Evil love is a distortion of love that is only concerned with itself. Not only is it self-centered, but it also seeks to engage the one it loves through manipulation, masquerading as love. The expression of evil love is not concerned with the wellbeing or wholeness of the other. The primary concern here is to have its own desires fulfilled regardless of what it costs the other. The ability, for example, to convince the beloved to agree to immoral behavior by abandoning their positive values in order to show how much they love them, is paramount to maintaining the powerful and destructive dynamics characterized by this love style.
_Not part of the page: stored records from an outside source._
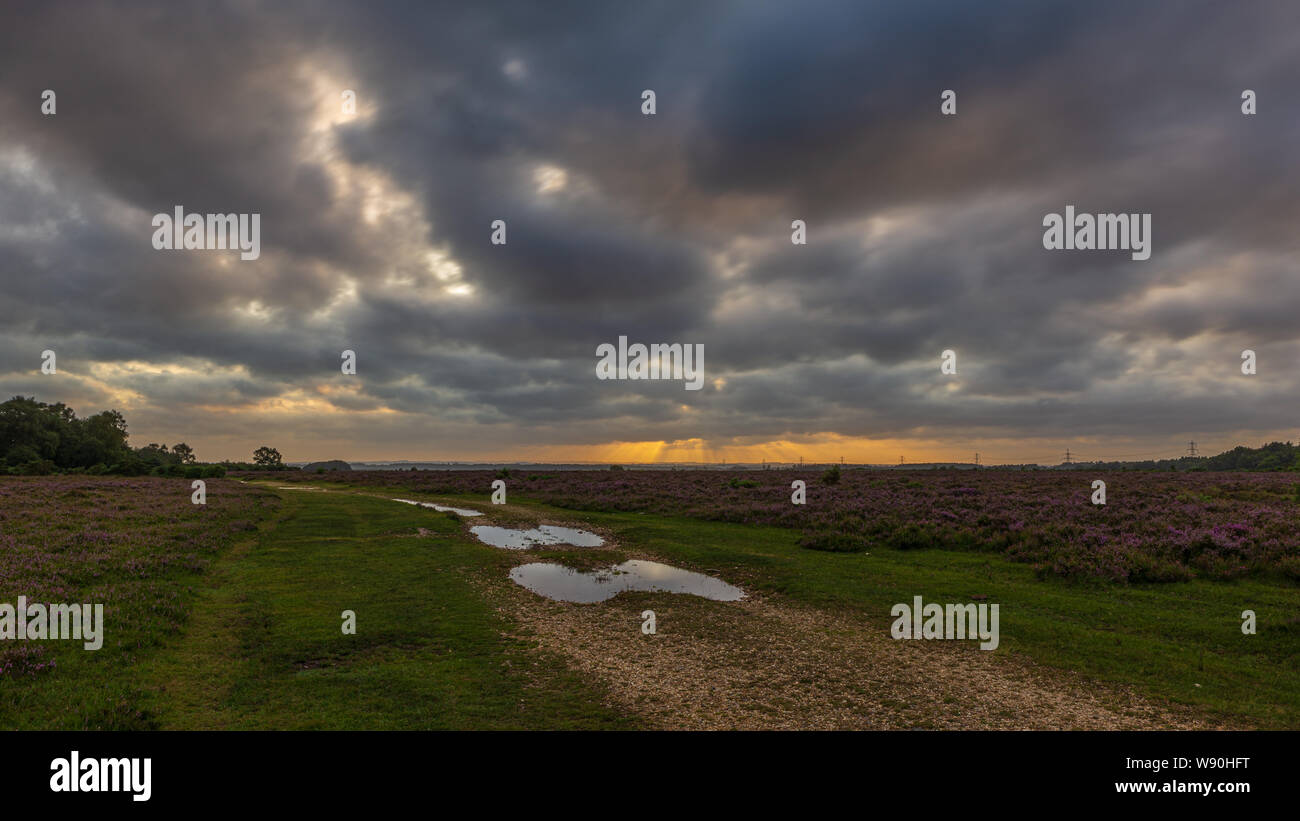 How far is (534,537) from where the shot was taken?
3269cm

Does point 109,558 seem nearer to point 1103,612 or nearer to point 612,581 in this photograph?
point 612,581

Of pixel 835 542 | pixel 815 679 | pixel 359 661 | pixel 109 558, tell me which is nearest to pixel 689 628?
pixel 815 679

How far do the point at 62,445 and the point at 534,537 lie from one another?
10121 cm

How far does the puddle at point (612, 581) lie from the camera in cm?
1915

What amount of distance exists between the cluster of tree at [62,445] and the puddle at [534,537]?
242ft

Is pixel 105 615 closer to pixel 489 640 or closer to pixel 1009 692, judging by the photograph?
pixel 489 640

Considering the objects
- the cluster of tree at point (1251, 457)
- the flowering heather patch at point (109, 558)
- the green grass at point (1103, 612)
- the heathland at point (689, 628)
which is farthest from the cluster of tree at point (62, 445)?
the cluster of tree at point (1251, 457)

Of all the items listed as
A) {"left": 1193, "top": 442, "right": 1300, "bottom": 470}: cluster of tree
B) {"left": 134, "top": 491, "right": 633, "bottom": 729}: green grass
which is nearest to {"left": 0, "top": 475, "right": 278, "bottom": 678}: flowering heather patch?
{"left": 134, "top": 491, "right": 633, "bottom": 729}: green grass

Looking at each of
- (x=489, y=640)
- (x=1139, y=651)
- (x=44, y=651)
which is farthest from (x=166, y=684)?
(x=1139, y=651)

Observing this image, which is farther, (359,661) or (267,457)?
(267,457)

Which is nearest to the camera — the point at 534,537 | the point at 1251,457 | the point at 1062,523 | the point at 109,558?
the point at 109,558

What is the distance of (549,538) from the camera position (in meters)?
32.5

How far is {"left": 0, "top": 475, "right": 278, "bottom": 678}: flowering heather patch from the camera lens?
40.4 feet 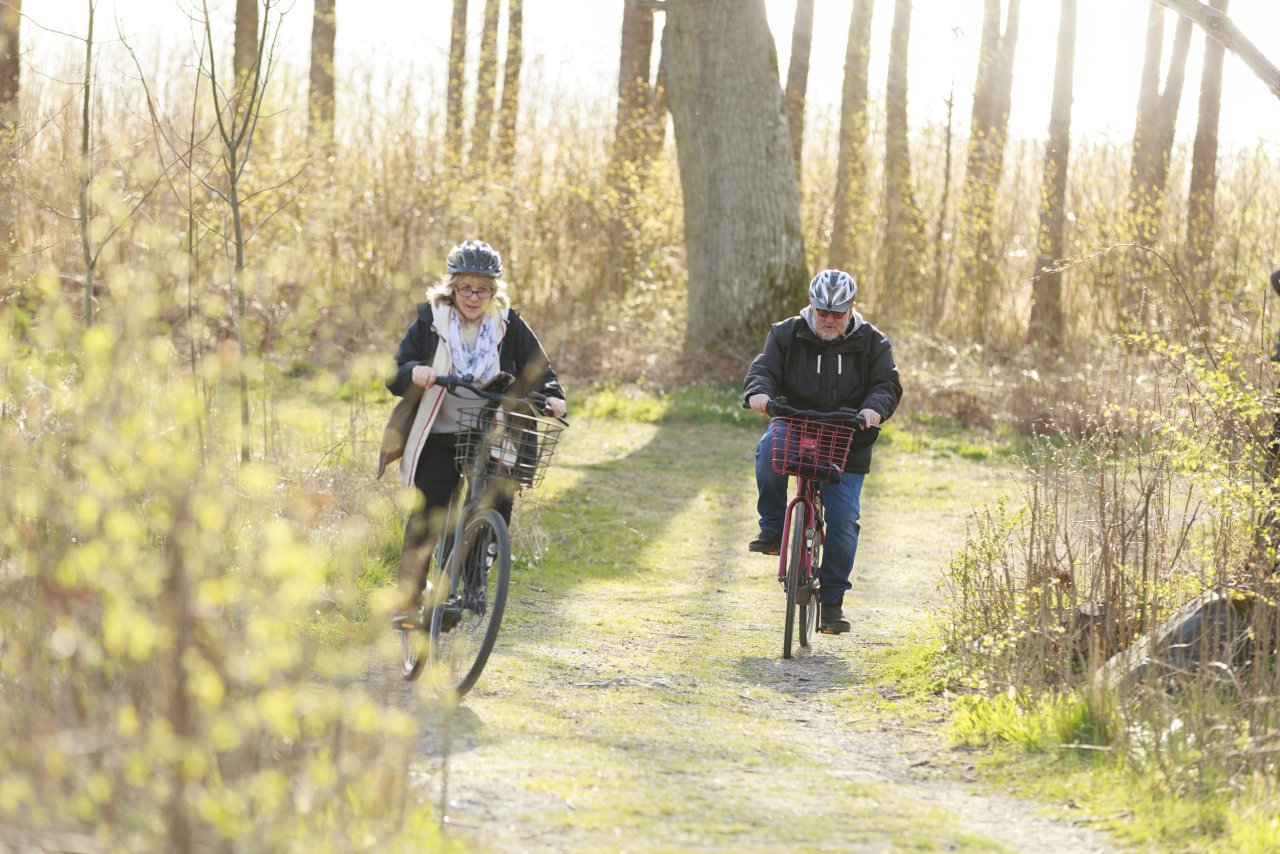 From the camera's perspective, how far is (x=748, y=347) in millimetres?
16312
This type of love thrives in an atmosphere of deception and preys on the vulnerability of the one they claim to love. Truth is not a concern when it comes to evil love, since truth will expose it for what it really is – not love at all.
We are reminded in the Word of God of what love is not. I Corinthians 13:4-6 informs us that, “ …love does not envy or boast; it is not arrogant or rude. It does not insist on its own way; it is not irritable or resentful; it does not rejoice at wrongdoing…” What side of the fence are you on? Do you lean more towards the side of what love is or what love is not? We can thank God, Who is love, for not loving us in negative ways.
Wishing you a Happy Valentine’s Day as you exhibit the love of God in your relationships.